The MA/MFA Performance is an exciting taught masters programme that offers a practical, versatile and interdisciplinary approach to performance-making and training. The programme provides students with an advanced and practical understanding of current performance practices, drawing on a broad range of artistic and theoretical influences. The development of new creative practice is at the core of the programme, as well as how this work might be developed and profiled in a professional context.
Furthermore, MA/MFA Performance offers students the chance to specialise in either of the distinctive areas of laboratory theatre or contemporary performance. The experience of these options is fed through a further process of critical and professional contextualisation, before students embark on the creation of their own Major Projects as the culmination of the degree.
The Laboratory Theatre specialism focuses on performer training, dramaturgy and socially-engaged cultural actions. The Contemporary Performance specialism focuses on the creation of innovative and experimental performance practice, within or across the categories of radical theatre, contemporary dance and performance art/live art.
The programme draws particularly on the acclaimed interdisciplinary ethos and context of the Manchester School of Art and Manchester’s international arts networks.
MA/MFA Performance creates a space for asking big daring questions about why we perform, who we perform for and how radical performance can act upon, and in, the world. It offers a distinctive opportunity for graduates and artists, from experimental and laboratory theatre practices, contemporary dance, and performance art backgrounds, to create innovative new performance that plays across artistic borders.
The course is shaped and driven by the passions and expertise of an interdisciplinary team of internationally recognised theatre makers, artists and writers, offering two specialist routes in either Contemporary Performance or Laboratory Theatre.
For graduates this MA/MFA creates a bridge between undergraduate study and the professional arts world. For emerging and mid-career artists this programme is an opportunity for interrogating and transforming your existing work, within a supportive community of like-minded makers, with input from expert practitioners and scholars as mentors. We welcome applications from small groups of collaborating artists as well as individual makers.
Students on the Laboratory Theatre specialism will engage in rigorous psychophysical and vocal training from a range of international lineages and will be introduced to innovative dramaturgical strategies in order to develop their own expanded laboratory practice.

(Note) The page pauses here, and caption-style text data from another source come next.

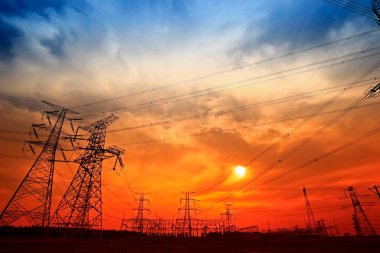 Elektrik kulesi, gün batımında siluet.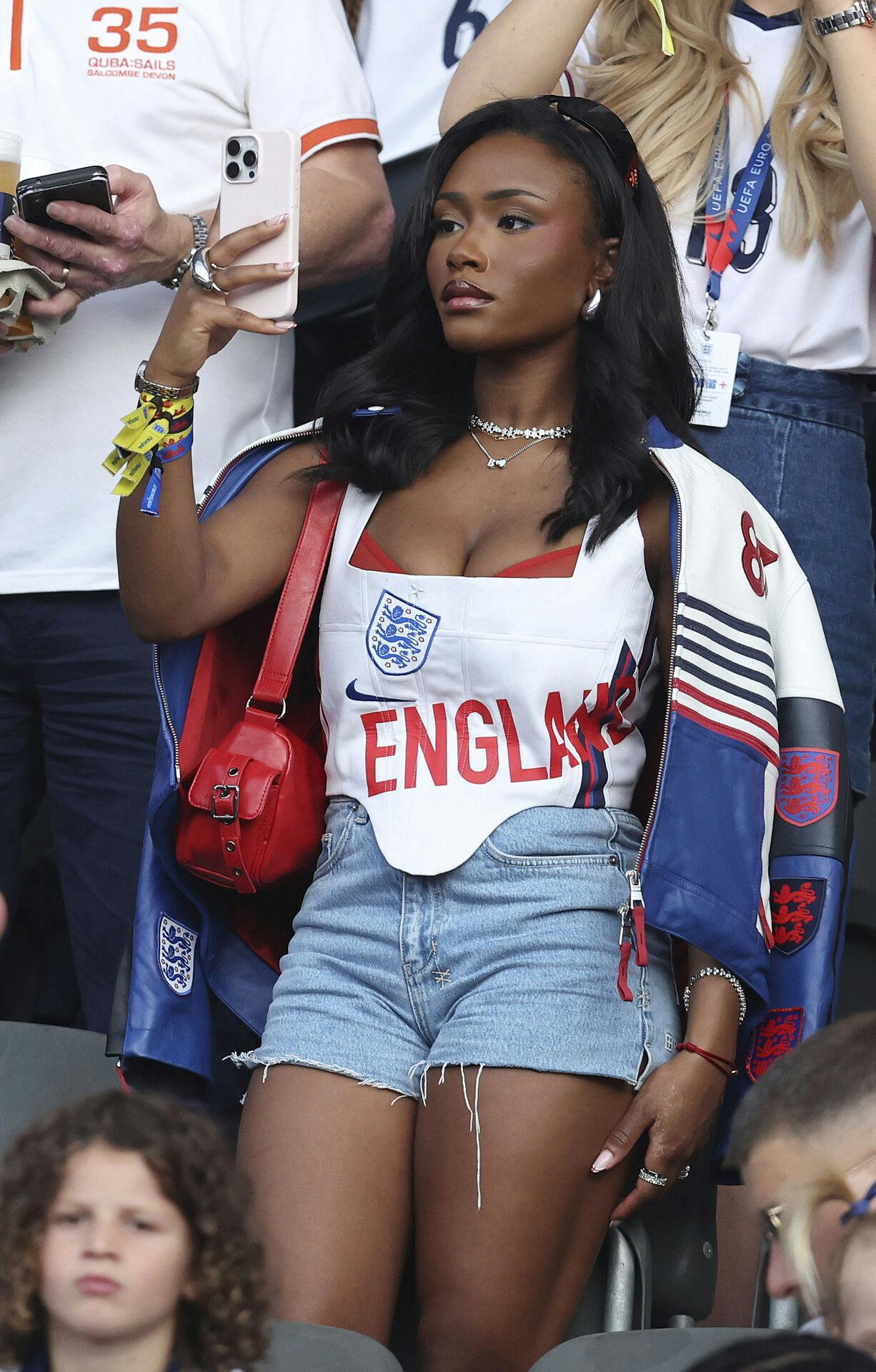 Tolami Benson og Bukayo Saka har været sammen siden 2020.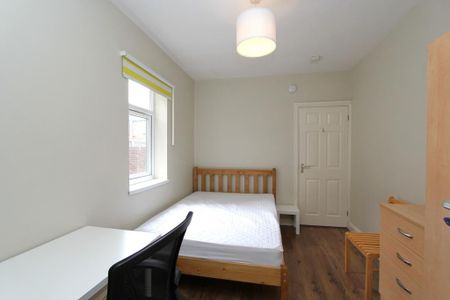 3 bedroom flat to rent - Photo 3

The Contemporary Performance specialism promotes the development of innovative and experimental contemporary performance practice drawing on the lineage of post-modern performance and post-dramatic theatre. Students will create a range of performance projects, with their peers and professional artists, that will expose them to alternative ways of making and thinking about performance in order to intersect with, antagonise, disrupt and compliment their own practice.
The programme leader for MA Performance is Kevin Egan.
MA Units
Progression onto the MFA requires that all 180 credits of the MA are passed, with at least a mark of 50% in each unit.
In this module you pursue artistic and theoretical research questions through the generation of a significant new piece of contemporary performance practice. The work is developed through close collaboration with your staff mentor and involve several points of sharing with the wider staff and student team. You will produce an appropriate professional trajectory for the project, identifying appropriate strategies for public engagement and meeting the strategic priorities of relevant funding bodies and/or support structures and networks. This work is shown in a key performance event produced by the student body.
Performance in Context 1 introduces you to the artistic and theoretical contexts in which current contemporary performance practice operates. Working closely with the MA’s practice-based modules, it explores key critical and theoretical perspectives, such as phenomenology, interculturalism, digital humanities and performance politics, that inform innovative contemporary performance.
This module continues to explore the current field of contemporary performance, building upon the work developed in Performance in Context 1. Here the focus shifts to inviting creative interplay between theoretical and artistic practice, as you are supported in the artistic and theoretical contextualisation of your own practice.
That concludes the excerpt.